This is taking too long…
Jul 4, 2023
424
I hope I'm not over-producing threads. I don't want to be causing anyone grief.

My daughters 18 yo friend messaged me today to check up on me. A couple days ago her another lady showed up to my door saying they were here to check on me. I didn't answer the door and told them I was in a different town getting medical attention. Every time my daughters friend messaged me I say I'm not home as polite as possible with some new excuse. I was messaged by her asking if I'm doing okay and then the message turned into how she over thinks things, worries about what others think, and about being overwhelmed being a new adult. I gave her some words of wisdom about don't put your faith in people and take care of yourself first. I sent the same words to my daughter. All these these things I didn't learn till I was in my 40's. I just worked hard, did the best I could, and freaked out when I got a bad evaluation thinking I wasn't good enough. That original feeling of not being good enough came from my dad not taking me with him when I was 6 and he left my mom one night. It only got worse from there. He also died a few weeks later from electrocution working on farm machinery. I told her and my daughter both to make themselves the priorities and if they ever get bad evaluations see it as a growing experience, but also being aware that some people will give you bad ones to keep you in your place because of pride or jealousy. To keep from out shining them the person who wrote it. As a species we are flawed and some people hurt us and they don't notice it because it's apart of their nature. Either that or they love to hurt others because of their own mental issues.

Today i have a bulged lower disc, neuropathy in my extremities from a hep c treatment I went through in 2001 for a full year with pills and injections I did myself. I got it from donating blood. Depression, high anxiety, social anxiety, ptsd, alcoholism, addiction, and insomnia.

While I was in the military we had to take part of drills on submarines about fire, flooding, medical emergencies, terrorism, etc. I still hear the alarms going off more so because a couple of those drills weren't drills. I am now really good at preparing for the worst possible event that I can't turn it off. Everything is a horrible event waiting to happen. I've had many traumas in my life that makes the preparing for the worst even worse.
I have been in therapy for the entire time I've worked at a prison and I take 4 different meds for mental health. They won't give me the better stuff because I'm also an alcoholic/addict.
I was just let go recently from my job at a prison because my doctor pulled me from work for really bad panic attacks. I ran out of paid work leave, FMLA, and any other time they give us. A lot was due to calling off because whenever I would go to work I'd have panic attacks or by the end of the day I'd be so fried from the stress. The panic attacks were a build up from seeing myself and other staff getting hurt and attacked by inmates. It wasn't the attack of the inmates that got me. It was the fact that staff treating inmates badly caused the attacks. Most of the time the inmates wouldn't go after the perpetrator.
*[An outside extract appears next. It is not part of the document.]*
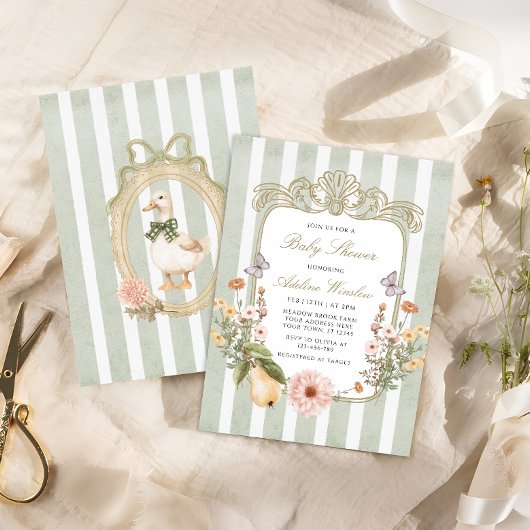 Invitation Vintage automne Baby shower floral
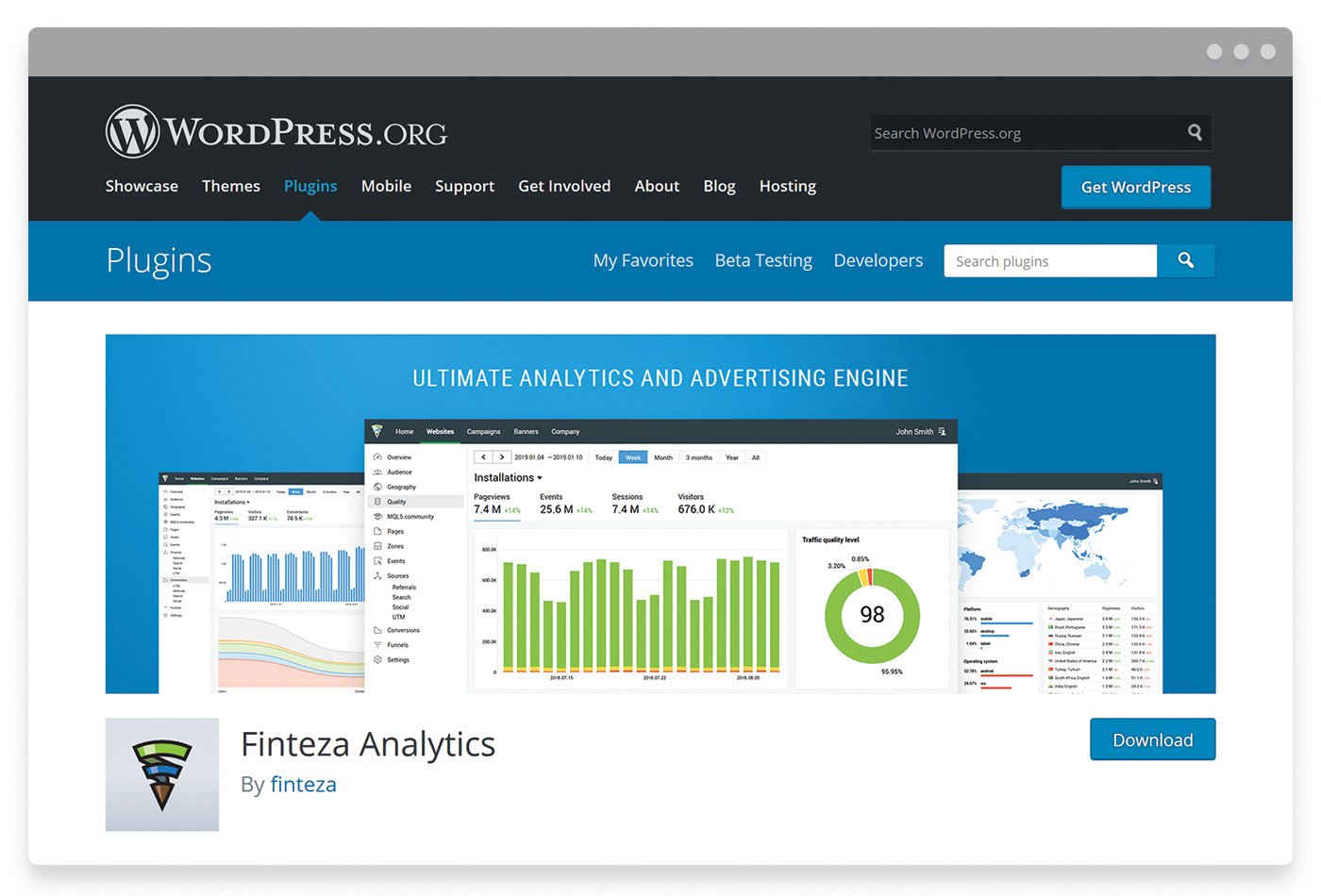 Το επίσημο πρόσθετο για την ενσωμάτωση της υπηρεσίας ανάλυσης κίνησης ιστοσελίδας της Finteza με ιστοσελίδες WordPress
They'd go after who came by them next. Didn't help that supervisors and management treated us like cattle and not human beings. Unless you were friends with the right people. I sound disgruntled, but I have ample reason to be.
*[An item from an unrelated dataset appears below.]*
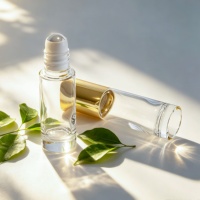 Flacon roll-on vide en verre avec bouchon métallique en aluminium, or, argent, ambre, transparent, pour échantillons de parfum et d'huiles essentielles, vente en gros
My mental health only got drastically worse because over the last 14 years working there I kept telling myself "hang in there" "it will get better."
I tried doing something about it, but it would get swept under the rug like nothing ever happened or I'd magically show up with more write ups.
Now I'm at a point I am afraid to go outside because people out there could cause me to get hurt or treat me badly because I'm not friends with the right people. I have ultimately alienated myself and it's normal not to hear from people for days or weeks unless I get a wild hair and message someone so I have someone to talk to and the conversation lasts maybe 10 minutes. That's if they are engaged and apart of the conversation.
I hate that whatever happens to me I might break 2 kids, but all life has taught me is it's going to keep getting worse. I did the best I could to teach my daughter to be strong. From cooking, wood working, projects, cleaning, and to have a good work ethic. I even taught her to take care of herself. I'm afraid maybe someday I'll live in prison and not just work there because some cops are dirty and our system is flawed. Not all cops because a lot of the ones who I care about try their hardest to do the right thing. Whenever there is an overdose in the inmate population it's because a cop brought in the drugs.
There are people who were put in state prison for marijuana possession, before they legalized it in my state, and the government is in absolutely no rush to get them out. Inmates make them money having them in there everyday. This world is disgusting and people are faster to treat you badly than they are to be polite. I am so disgruntled, bitter, cynical, and painfully hurting. I can't do this anymore. I'm exhausted, tired, and don't even have motivation to clean my house or take care of myself. I don't want to do this anymore. I am truly sorry if I shared wrong or needed to put this all somewhere else. I'm just bursting at the seems with pain and can't keep it in anymore…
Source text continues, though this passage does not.